* Information shown *
________________
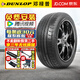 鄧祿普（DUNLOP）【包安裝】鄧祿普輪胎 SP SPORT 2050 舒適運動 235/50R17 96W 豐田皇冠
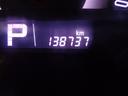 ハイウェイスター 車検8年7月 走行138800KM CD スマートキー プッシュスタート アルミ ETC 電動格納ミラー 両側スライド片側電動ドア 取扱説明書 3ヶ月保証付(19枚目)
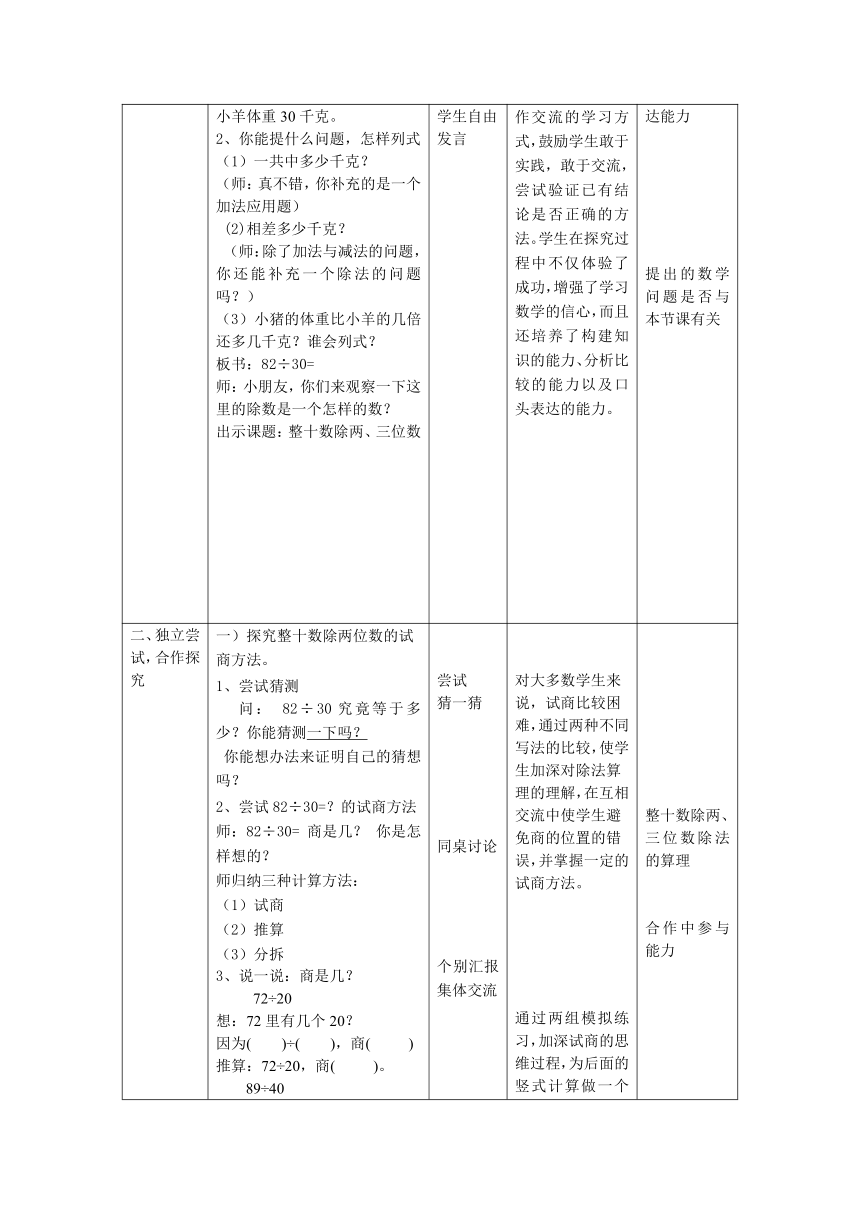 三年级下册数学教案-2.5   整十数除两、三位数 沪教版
________________
* What this task involves *
Please give back every line above exactly as it stands, without pictures.

* Solution *
 鄧祿普（DUNLOP）【包安裝】鄧祿普輪胎 SP SPORT 2050 舒適運動 235/50R17 96W 豐田皇冠
 ハイウェイスター 車検8年7月 走行138800KM CD スマートキー プッシュスタート アルミ ETC 電動格納ミラー 両側スライド片側電動ドア 取扱説明書 3ヶ月保証付(19枚目)
 三年级下册数学教案-2.5   整十数除两、三位数 沪教版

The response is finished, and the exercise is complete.